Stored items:
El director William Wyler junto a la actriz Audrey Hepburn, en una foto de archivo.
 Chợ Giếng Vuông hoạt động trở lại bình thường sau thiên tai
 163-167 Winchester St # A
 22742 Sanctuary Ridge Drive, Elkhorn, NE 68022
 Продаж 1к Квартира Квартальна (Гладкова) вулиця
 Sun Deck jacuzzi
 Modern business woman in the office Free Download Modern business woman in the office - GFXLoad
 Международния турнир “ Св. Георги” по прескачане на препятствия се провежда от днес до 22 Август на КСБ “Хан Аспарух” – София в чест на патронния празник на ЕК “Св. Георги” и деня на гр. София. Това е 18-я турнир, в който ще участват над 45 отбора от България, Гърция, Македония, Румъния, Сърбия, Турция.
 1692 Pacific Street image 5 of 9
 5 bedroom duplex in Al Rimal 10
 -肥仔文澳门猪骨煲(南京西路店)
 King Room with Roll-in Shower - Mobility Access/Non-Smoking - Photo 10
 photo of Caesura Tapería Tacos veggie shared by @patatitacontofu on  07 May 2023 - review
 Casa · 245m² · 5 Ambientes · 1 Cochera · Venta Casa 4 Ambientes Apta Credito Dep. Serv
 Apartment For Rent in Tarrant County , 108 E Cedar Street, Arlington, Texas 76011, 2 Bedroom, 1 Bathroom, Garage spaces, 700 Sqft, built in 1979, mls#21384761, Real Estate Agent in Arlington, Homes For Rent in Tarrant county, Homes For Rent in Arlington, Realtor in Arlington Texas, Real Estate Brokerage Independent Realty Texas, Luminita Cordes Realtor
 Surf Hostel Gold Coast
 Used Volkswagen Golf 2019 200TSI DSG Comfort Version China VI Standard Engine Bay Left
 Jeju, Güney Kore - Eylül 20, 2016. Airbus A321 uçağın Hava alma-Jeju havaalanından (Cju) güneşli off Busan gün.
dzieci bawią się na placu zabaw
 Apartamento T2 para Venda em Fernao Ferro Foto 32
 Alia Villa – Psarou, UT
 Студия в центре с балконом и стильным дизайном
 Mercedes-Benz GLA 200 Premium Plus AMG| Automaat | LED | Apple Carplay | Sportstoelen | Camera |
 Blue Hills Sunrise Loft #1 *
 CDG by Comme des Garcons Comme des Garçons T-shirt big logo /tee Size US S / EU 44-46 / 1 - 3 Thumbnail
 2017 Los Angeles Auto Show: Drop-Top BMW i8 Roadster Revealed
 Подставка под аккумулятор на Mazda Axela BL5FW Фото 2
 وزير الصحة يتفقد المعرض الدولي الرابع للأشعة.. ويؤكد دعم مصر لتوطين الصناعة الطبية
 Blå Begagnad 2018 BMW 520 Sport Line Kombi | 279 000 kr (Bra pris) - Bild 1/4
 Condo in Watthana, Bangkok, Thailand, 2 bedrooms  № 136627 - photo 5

Required work
Beginning at the line with "dzieci bawią się na placu zabaw" and stopping after the line with "Mercedes-Benz GLA 200", please write out every line of the data above exactly and nothing else.

Answer to the exercise
dzieci bawią się na placu zabaw
 Apartamento T2 para Venda em Fernao Ferro Foto 32
 Alia Villa – Psarou, UT
 Студия в центре с балконом и стильным дизайном
 Mercedes-Benz GLA 200 Premium Plus AMG| Automaat | LED | Apple Carplay | Sportstoelen | Camera |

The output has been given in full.